# VEMS 1.8t AEB coldstart



## turboSlap (Feb 5, 2009)

*Lugtronic VEMS 1.8t AEB coldstart*

I'm in a bit of bother and I can't get a hold of kevin black, just wondering if any of you guys in the colder states have similar 1.8t files that I could look at to see all the cranking and warmup settings, it's Baltic here in Chicago the past two days

I had it starting and running good just tweaking the fuel from base but the coldstarts and afterstarts are crap but i was able to get past them by holding the throttle to 1200rpm for a minute. 

now that it's even colder it doesn't want to get past cranking, the plugs were wet last time I checked but I have spark. I'm gonna put fresh plugs in but I need assistance or a file to compare it to.


Sent from my iPhone using Tapatalk


----------



## bonesaw (Aug 8, 2004)

If car won't start and you think it's flooded. Put the throttle to the floor and it will disable injectors. Also best thing to do is log when it won't start in cold, so you can send to Lugtronic.


----------



## turboSlap (Feb 5, 2009)

Yeah I knew that anti flood feature was there and tried it every combination


Sent from my iPhone using Tapatalk


----------



## turboSlap (Feb 5, 2009)

I put in new plugs, lowered the warmup enrichment and it started 


Sent from my iPhone using Tapatalk


----------



## turboSlap (Feb 5, 2009)

Sorry the afterstart enrichment is what I changed (after countless tries with previous higher settings)and it fired up for a few seconds horribly, so I changed out the 3 wk old ngk bk7re plugs for bosch side fires and it came to life. Coldstarts. Are still poor and idle is way higher than target 850


Sent from my iPhone using Tapatalk


----------



## turboSlap (Feb 5, 2009)

I'm gonna put back everything to where it was In a the base file apart from the req fuel and log cold and hot starts as well as usual logs as kevin has requested., It is pretty impressive as is for just a base , so I'm sure after he's done a it will be wagon that's a lil bit nuts


Sent from my iPhone using Tapatalk


----------



## 1broknrado (Jul 6, 2005)

Kevin got my cold start to be mint. 

Every time I get in to start it, cracks right up and idles. The lugtronic idle valve is noise and caused me to worry at first, but now I got used to it. Rock solid idle in cold/hot temps.
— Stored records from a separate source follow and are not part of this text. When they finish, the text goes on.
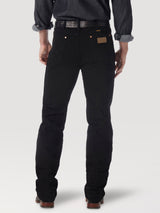 A person faces away from the camera, wearing a dark long-sleeve shirt with rolled-up sleeves, black Wrangler Cowboy Cut Slim Fit Jeans - 0936WBK made from premium denim, and brown leather shoes. A belt is partially visible above the waistband of their jeans.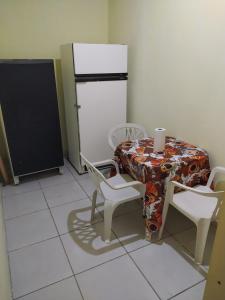 a kitchen with a table and chairs and a refrigerator at Hospedaria in Recife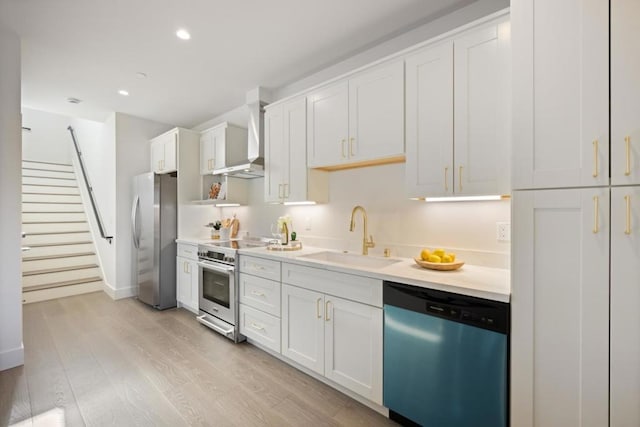 kitchen featuring appliances with stainless steel finishes, white cabinetry, sink, light wood-type flooring, and wall chimney exhaust hood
I did notice however that when it was sub 30 degrees, it didn't want to idle until I left my foot on gas for 30seconds or so. I'm not mad about it though, I think it's acceptable when it's THAT cold.


----------



## turboSlap (Feb 5, 2009)

I kept at it and got it pretty good. I'm sure it could be better but I'll keep at it. It was outside in 6deg f temps overnight and started right up, it hunts a little bit for a few secs when it goes below 10f but I'm getting it slowly and surely. I've kind of given up on getting the aftersales support or even contact from kevin, hopefully he will get back to me, untill then, I'll keep reading and studying and improving on it as much as I can despite that. 
It's going ok but slow, way slower that if I could get him to help out. Next up is getting the idle 100% and knock control set up. 


Sent from my iPhone using Tapatalk


----------



## turboSlap (Feb 5, 2009)

I kept at it and got it pretty good. I'm sure it could be better but I'll keep at it. It was outside in 6deg f temps overnight and started right up, it hunts a little bit for a few secs when it goes below 10f but I'm getting it slowly and surely. I've kind of given up on getting the aftersales support or even contact from kevin, hopefully he will get back to me, untill then, I'll keep reading and studying and improving on it as much as I can despite that. 
It's going ok but slow, way slower that if I could get him to help out. Next up is getting the idle 100% and knock control set up. 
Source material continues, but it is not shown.